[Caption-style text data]
• • • •

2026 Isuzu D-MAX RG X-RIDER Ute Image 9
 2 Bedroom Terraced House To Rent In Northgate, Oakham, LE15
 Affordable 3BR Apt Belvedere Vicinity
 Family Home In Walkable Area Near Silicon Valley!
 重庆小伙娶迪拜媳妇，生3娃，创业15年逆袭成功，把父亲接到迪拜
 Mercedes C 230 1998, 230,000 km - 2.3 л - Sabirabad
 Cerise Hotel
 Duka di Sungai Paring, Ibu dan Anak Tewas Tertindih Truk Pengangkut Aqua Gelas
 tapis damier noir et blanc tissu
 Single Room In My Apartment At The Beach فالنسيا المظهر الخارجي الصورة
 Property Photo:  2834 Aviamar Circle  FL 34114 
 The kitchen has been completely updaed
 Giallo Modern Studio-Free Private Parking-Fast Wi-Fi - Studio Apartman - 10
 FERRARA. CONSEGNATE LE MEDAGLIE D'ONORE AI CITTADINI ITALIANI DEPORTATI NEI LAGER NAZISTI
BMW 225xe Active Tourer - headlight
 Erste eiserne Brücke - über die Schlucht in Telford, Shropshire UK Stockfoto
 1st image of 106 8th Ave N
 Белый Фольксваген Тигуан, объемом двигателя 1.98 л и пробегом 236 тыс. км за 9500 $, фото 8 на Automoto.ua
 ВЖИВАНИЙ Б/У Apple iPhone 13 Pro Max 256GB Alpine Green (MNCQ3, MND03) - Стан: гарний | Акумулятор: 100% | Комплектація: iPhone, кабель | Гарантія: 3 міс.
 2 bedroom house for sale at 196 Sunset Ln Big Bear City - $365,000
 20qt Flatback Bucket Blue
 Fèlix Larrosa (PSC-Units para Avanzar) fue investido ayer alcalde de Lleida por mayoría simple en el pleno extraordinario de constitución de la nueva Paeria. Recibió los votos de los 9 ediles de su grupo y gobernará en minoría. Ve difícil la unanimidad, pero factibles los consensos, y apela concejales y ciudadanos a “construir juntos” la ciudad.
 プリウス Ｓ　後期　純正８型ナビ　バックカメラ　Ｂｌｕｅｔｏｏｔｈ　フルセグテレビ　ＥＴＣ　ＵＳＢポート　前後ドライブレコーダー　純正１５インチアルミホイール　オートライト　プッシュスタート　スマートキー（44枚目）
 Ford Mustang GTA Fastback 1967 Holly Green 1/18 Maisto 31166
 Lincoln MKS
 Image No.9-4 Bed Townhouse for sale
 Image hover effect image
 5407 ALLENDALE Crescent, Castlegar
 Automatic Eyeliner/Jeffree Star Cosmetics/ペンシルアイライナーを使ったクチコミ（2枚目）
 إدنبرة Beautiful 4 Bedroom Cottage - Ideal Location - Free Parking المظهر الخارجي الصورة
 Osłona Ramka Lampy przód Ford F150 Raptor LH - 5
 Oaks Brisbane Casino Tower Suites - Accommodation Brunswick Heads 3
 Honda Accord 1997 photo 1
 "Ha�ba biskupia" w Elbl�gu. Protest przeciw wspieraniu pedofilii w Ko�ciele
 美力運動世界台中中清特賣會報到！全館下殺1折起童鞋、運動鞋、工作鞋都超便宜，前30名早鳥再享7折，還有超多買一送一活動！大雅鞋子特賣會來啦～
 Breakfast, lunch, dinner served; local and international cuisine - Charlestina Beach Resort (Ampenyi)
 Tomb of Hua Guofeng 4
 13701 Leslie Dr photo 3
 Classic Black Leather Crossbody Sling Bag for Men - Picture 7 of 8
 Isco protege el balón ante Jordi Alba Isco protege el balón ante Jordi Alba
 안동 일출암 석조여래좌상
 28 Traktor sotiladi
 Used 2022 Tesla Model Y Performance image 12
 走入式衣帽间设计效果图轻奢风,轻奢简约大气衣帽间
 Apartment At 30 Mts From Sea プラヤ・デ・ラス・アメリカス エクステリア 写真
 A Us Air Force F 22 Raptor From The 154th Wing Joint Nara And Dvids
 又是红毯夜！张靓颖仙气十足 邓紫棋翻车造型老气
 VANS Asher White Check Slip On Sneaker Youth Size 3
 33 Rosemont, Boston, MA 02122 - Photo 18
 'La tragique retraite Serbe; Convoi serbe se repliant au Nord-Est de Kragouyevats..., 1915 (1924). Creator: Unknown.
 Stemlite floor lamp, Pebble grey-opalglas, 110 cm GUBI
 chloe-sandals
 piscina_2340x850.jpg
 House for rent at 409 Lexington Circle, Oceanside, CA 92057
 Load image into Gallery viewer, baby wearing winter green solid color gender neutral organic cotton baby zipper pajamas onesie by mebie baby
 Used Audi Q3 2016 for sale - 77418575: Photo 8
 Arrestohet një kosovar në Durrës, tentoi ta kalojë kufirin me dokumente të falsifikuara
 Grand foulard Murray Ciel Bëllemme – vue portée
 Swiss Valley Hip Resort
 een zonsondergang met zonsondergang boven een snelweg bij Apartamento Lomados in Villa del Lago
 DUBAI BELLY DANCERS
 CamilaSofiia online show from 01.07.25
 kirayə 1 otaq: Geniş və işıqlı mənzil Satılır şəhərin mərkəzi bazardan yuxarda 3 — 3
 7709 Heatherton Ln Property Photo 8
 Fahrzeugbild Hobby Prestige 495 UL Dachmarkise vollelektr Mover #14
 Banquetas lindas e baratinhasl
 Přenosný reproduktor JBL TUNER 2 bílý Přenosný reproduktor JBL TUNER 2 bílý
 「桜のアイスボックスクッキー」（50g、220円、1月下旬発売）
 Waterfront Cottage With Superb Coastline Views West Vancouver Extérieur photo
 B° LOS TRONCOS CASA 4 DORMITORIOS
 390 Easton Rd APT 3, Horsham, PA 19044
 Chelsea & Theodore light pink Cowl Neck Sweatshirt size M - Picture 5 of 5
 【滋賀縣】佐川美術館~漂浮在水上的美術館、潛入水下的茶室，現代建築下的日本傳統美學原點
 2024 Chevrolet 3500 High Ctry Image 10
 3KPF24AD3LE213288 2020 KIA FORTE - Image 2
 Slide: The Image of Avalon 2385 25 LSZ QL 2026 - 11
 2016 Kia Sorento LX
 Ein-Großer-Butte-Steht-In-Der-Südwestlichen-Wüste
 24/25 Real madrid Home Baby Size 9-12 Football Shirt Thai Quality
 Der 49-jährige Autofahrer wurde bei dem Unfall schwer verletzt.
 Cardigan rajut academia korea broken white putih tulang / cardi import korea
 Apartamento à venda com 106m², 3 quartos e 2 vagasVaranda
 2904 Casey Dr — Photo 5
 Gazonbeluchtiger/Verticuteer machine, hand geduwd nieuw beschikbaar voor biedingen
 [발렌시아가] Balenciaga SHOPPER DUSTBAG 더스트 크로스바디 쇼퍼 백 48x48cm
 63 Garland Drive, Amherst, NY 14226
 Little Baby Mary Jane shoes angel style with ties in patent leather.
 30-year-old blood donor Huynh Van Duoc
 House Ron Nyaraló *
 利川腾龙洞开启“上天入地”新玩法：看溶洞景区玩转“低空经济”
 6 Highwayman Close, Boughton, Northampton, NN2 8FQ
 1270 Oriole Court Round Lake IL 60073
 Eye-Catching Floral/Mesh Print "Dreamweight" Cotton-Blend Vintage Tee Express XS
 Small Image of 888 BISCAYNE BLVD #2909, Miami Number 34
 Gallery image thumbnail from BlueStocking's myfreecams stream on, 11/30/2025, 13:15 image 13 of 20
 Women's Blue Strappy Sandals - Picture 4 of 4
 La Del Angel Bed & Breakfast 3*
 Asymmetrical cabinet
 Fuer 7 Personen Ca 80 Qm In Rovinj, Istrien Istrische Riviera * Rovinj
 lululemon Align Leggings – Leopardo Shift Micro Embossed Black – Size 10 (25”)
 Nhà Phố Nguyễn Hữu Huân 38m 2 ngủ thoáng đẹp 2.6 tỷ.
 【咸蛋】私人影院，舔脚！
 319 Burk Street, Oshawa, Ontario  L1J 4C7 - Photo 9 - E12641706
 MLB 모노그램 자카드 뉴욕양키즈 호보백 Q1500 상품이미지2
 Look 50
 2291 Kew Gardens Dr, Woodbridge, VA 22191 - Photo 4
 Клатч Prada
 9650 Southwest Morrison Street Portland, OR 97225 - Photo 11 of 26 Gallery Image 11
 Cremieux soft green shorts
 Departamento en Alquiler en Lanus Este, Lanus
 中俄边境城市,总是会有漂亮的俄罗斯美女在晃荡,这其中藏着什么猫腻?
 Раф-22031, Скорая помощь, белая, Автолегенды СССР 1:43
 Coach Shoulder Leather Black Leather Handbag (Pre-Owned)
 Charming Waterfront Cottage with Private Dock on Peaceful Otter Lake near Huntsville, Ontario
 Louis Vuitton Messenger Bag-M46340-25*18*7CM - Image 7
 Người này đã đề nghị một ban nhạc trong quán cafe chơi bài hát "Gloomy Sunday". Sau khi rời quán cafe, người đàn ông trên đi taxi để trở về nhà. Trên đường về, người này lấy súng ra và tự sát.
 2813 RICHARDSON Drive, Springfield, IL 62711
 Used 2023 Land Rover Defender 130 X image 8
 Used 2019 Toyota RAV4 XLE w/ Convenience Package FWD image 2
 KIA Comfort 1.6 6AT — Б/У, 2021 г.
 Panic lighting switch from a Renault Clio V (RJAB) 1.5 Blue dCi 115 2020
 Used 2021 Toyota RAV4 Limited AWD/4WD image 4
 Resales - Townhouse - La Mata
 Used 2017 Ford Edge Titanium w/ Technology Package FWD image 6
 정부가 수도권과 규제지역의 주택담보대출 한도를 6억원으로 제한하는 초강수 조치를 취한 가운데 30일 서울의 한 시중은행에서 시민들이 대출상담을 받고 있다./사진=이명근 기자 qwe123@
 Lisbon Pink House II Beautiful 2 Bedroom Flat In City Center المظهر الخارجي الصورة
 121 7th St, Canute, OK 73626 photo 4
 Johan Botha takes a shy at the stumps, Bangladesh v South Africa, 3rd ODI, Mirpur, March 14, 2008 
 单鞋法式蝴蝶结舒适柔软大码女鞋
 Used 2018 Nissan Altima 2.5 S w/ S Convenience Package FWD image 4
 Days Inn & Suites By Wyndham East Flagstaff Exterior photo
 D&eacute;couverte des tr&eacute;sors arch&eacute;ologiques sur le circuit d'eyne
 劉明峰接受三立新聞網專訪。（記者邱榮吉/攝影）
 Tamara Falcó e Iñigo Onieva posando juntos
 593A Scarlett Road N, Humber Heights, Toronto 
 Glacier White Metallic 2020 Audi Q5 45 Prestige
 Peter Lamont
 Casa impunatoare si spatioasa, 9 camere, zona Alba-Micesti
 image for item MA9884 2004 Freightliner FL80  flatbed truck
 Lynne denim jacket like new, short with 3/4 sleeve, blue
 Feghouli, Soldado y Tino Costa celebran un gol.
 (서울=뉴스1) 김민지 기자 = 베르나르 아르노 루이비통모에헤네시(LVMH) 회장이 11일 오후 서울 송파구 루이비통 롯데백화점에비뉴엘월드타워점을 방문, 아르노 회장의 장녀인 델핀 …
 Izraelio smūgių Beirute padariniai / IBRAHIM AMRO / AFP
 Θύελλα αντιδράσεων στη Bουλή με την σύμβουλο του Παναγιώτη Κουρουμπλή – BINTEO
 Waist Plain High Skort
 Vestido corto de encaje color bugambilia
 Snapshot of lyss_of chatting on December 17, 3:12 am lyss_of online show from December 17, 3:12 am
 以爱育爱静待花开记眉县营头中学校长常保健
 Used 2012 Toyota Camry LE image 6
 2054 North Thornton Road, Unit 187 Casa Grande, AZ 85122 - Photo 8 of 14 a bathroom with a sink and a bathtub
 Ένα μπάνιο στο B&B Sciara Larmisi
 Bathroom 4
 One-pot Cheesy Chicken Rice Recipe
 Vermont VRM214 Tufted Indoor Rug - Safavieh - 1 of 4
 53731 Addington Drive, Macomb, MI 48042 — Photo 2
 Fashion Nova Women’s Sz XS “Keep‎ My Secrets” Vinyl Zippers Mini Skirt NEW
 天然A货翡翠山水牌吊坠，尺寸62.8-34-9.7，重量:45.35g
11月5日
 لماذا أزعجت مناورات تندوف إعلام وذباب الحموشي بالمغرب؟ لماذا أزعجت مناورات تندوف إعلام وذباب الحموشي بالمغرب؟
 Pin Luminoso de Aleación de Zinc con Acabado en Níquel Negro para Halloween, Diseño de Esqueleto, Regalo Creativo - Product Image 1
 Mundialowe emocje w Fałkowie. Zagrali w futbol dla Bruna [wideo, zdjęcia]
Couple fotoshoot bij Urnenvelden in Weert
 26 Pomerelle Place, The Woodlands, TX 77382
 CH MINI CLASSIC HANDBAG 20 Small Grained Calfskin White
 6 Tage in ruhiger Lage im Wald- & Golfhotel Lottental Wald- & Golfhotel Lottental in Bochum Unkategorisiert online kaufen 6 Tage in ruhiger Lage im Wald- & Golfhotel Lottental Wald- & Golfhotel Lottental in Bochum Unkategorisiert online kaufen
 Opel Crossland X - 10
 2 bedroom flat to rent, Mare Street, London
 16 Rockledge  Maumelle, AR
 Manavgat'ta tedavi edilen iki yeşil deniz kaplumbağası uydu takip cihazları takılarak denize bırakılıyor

• • • •

Reprint exactly the lines above that start at the one with "劉明峰接受三立新聞網專訪。（記者邱榮吉/攝影）" and end at the one with "image for item", keeping both and adding none.

▶ FINISHED TASK
 劉明峰接受三立新聞網專訪。（記者邱榮吉/攝影）
 Tamara Falcó e Iñigo Onieva posando juntos
 593A Scarlett Road N, Humber Heights, Toronto 
 Glacier White Metallic 2020 Audi Q5 45 Prestige
 Peter Lamont
 Casa impunatoare si spatioasa, 9 camere, zona Alba-Micesti
 image for item MA9884 2004 Freightliner FL80  flatbed truck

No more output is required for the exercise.